Chapter 2 tests associations between code switching and its potential antecedents and consequences cross-sectionally. This chapter examines if and how key variables connected to how people see themselves (i.e., self-identity) and socially relate to others (i.e., social relations) are associated with code switching tendencies among Black Americans. Study findings suggest that perceptions of one’s Black (but not American) identity are significantly associated with code switching and that stereotype threat, social connectedness, need to belong, and racial attitudes, (but not mentalizing) are significantly associated with code switching.
Chapter 3 tests associations between daily fluctuations in code switching and experiences of discrimination, negative affect, and vigilance among Black employees longitudinally. Study results demonstrate that Black employees’ code switching tendencies are significantly and positively associated with all of these experiences. As such, code switching is relevant to social scrutiny (e.g., discrimination), and may have implications for health and well-being, as increases in negative affect and vigilance are associated with a variety of harmful psychological and physiological outcomes.

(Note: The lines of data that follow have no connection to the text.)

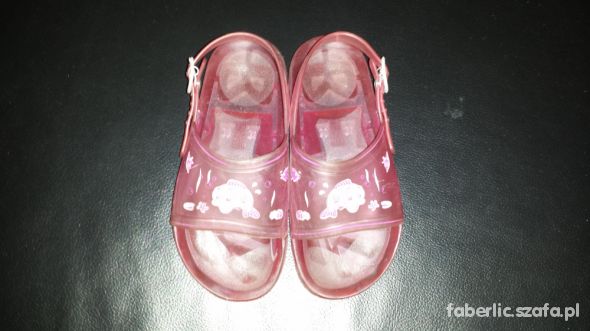 Różowe gumowe sandałki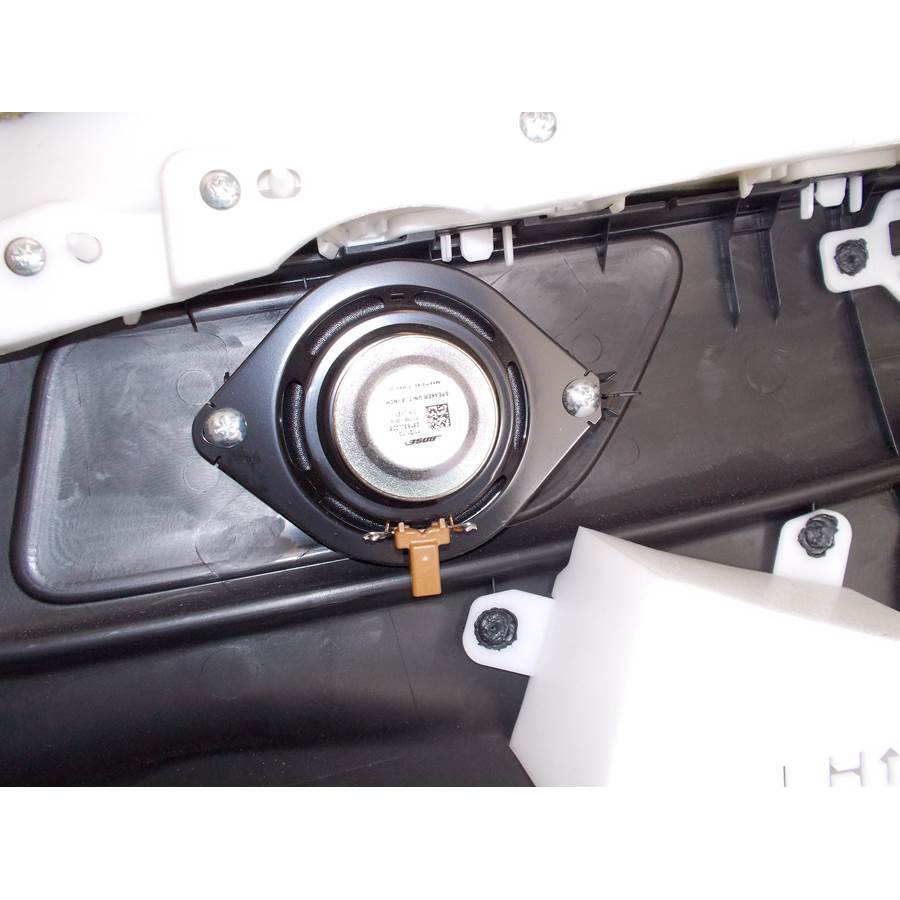 2009 Infiniti G37 Rear side panel speaker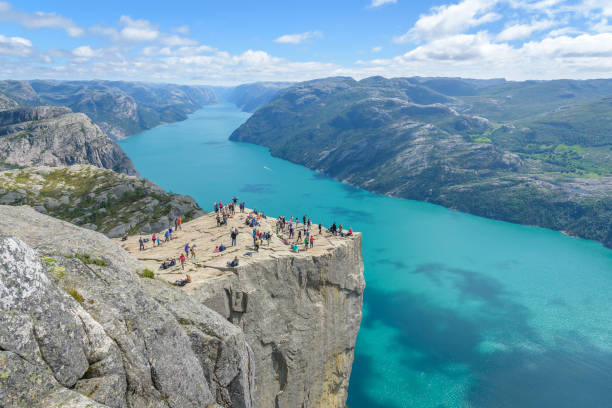 célèbre falaise pulpit rock (preikestolen) en norvège - water rock landscape cliff photos et images de collection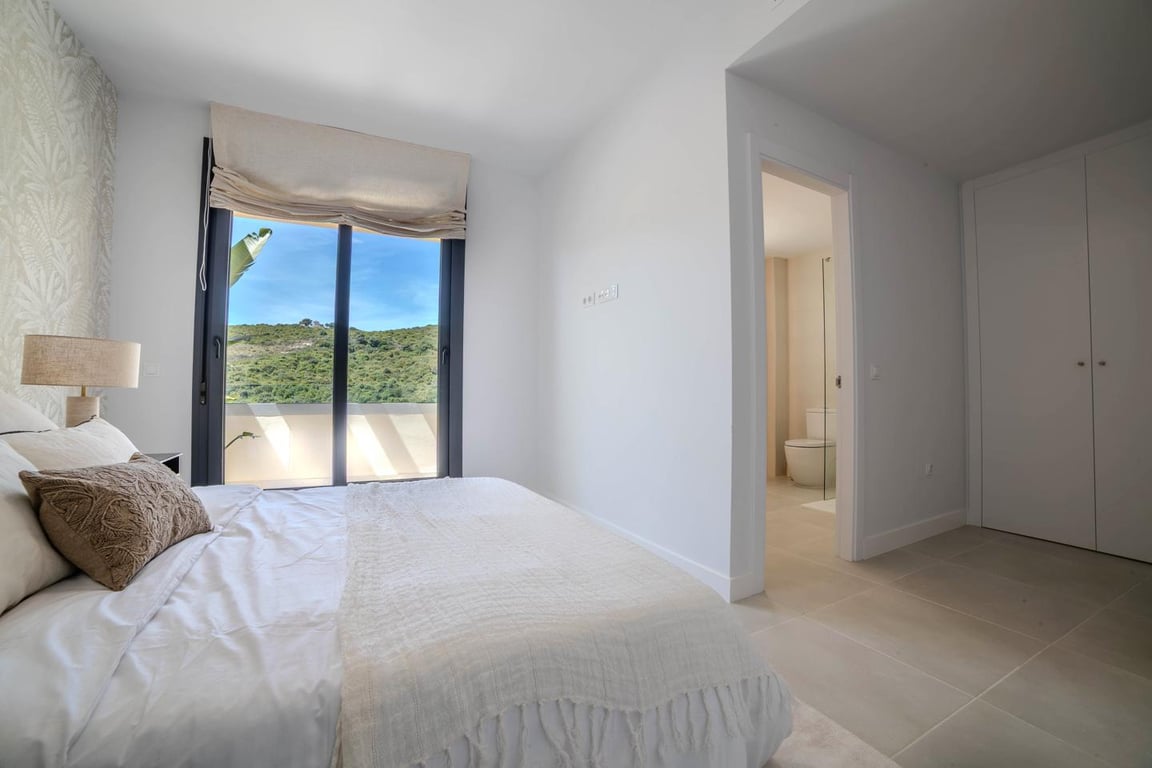 Apartment in Casares - Image 3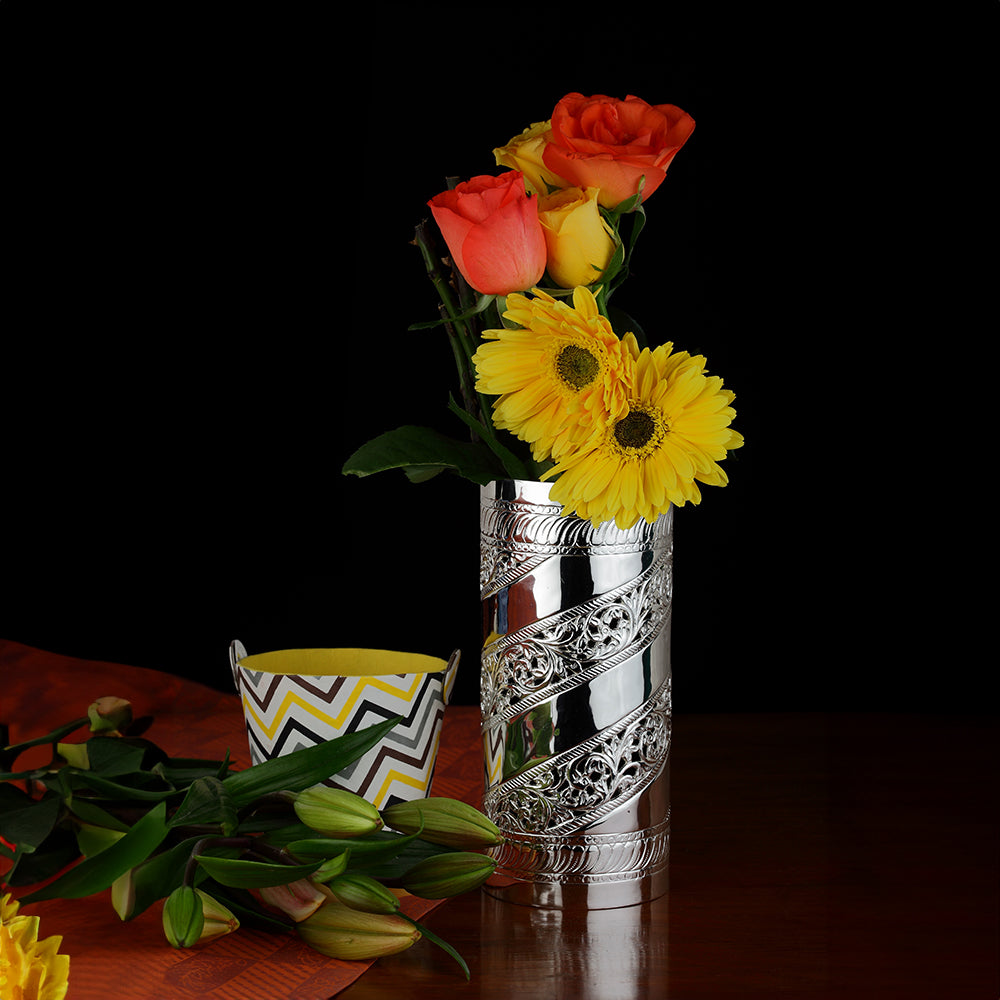Vase Code Completely handcrafted, made in Brass, silver plated and lacquered ...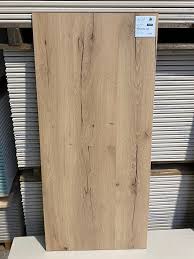 Laminat eiche oder laminat nussbaum passend zu ihrem was bedeuten die nutzungsklassen & welche laminat nutzungsklasse eignet sich für wen? Meister Laminat Fussboden Lc 55 Risseiche Hell 6258 Nutzungsklasse 31 Dammstoffe Nord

Chapter 4 tests how the social interactions Black employees have with close and peripheral ties are associated with their code switching tendencies, and if these interactions strengthen or buffer their experiences of discrimination, vigilance, and negative affect. Findings suggest that Black employees code switch significantly more with both close and peripheral ties, but do not reveal a moderating effect of social interactions on relationships between code switching and discrimination, vigilance, or negative affect.